Australian Prime Minister Scott Morrison stated, “I think the events that you have seen most recently only highlight the constant pressure and the constant push that is coming into the region from interests that are not aligned with Australia and not aligned with the Pacific more broadly.”

In turn, Solomon Islands Prime Minister Mannasseh Sogavare addressed the nation’s parliament, denying any pressure from China and shutting down ideas or intentions of asking China to ‘build a military base’ within their borders. Furthermore, Sogavare even critiqued that the vocal concern raised by Australia is an insult to the Solomon Island’s sovereignty, its ability to manage itself and resolve its own security issues.

“We find it very insulting to be branded as unfit to manage our sovereign affairs or have other motives in pursuing our national interests. This security pact is pursued at the request of the Solomon Island’s government. We are not pressured in any way by our new friends. And there is no intention whatsoever to ask China to build a military base in the Solomon Islands.”

“Goodness, we’re insulted. We have no intention of pitching into any geopolitical power struggle. We will continue to collaborate (with China) to ensure that what Solomon Islands needs in a security space are addressed collectively”,  Sogavare said.

It is important to note that Australia already has a preexisting security pact with the Solomon Islands since 2017, which has called Morrison’s public speech into question. Under that pact, Australian and New Zealand police were even sent to end the civil unrest in the Solomon Islands in November 2021. Sogavare and officials from China have doubled down and claimed that their bilateral deal will not impede on Australia’s agreement.

These events have further perpetuated the idea that Australia and the Wests preexisting anxieties about China are somewhat overblown. However, despite Australia initially seeming like a ‘crying wolf’ in this scenario, there may be weight to their concerns after all. In fact, instead of questioning whether the Solomon Islands are sovereign to make their own decisions, it is more important to ask whether the deal was made in the best interest of the Solomon Islands’ people.

Professor from Australian National University, Rory Medcalf, commented, “Yes, it is a sovereign choice. But the question being asked is (whether) this is in the best interest of small island states? Whose security concerns are more closely connected to issues of development, the environment, health, fisheries, human security rather than having a foreign military power on their soil.”
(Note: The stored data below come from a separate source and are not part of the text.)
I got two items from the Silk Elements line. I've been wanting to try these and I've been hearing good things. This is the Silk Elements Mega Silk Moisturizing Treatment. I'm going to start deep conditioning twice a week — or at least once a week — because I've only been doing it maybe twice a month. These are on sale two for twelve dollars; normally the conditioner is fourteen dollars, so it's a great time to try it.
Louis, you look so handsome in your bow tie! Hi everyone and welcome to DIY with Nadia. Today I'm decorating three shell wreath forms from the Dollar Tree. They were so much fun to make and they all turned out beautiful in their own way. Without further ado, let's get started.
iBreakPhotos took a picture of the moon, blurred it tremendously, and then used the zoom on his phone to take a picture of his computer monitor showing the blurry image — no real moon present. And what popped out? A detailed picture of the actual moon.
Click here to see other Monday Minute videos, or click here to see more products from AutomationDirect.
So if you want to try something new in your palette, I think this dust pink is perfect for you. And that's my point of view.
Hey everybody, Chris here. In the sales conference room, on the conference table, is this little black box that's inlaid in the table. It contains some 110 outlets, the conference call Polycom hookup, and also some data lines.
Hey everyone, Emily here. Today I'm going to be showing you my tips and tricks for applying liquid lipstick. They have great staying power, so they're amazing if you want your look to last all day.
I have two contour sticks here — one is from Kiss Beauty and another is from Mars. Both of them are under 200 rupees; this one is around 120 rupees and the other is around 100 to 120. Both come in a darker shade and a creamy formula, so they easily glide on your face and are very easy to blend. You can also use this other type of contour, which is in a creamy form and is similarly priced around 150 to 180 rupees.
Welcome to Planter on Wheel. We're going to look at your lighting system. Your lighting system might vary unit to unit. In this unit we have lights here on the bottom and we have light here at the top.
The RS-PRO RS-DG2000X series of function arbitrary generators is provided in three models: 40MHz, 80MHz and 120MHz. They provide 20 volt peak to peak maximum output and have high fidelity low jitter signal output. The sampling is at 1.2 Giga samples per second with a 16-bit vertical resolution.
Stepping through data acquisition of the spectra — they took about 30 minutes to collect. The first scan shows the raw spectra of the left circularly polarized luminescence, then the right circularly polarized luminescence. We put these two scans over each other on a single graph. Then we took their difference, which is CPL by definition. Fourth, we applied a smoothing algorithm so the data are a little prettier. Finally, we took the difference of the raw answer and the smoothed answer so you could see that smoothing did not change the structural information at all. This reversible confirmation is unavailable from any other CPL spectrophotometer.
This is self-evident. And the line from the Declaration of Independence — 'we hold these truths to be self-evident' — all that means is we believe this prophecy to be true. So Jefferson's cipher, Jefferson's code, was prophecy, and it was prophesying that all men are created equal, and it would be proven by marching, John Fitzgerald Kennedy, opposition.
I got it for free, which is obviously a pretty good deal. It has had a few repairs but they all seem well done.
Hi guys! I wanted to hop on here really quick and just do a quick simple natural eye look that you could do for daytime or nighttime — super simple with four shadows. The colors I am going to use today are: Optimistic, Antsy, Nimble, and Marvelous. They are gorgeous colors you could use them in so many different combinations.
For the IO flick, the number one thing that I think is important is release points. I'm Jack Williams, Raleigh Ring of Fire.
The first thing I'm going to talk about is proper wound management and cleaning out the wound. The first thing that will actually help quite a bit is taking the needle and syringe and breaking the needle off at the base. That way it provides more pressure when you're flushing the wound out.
We must take a closer look at politics surrounding the Solomon Islands. The island nation located northeast from the coast of Australia is currently not united, as there is a political rift between the Cabinet and the Opposition Party who among other things detest the country’s new partnership with China. That partnership was suddenly born in 2019 when the Solomon Islands simultaneously withdrew its political recognition of Taiwan, ending 36 years of foreign relations with them.

Moreover, the Solomon Islands significantly contribute to China’s domination of logging, mining and fishing in the Pacific. They export over 90% of their extracted materials to China and among that, 70% of their timber exports seem to be the result of illegal logging. This one-sided transaction of primary resources has negatively impacted the Solomon Islands’ environment, sustainable development as well as worsened its corruption.

Peoples' grievances over the consequences of the China-Solomon Islands partnership is partly behind the civil unrest the island country experienced late last year, which was intervened by Australian and New Zealand police.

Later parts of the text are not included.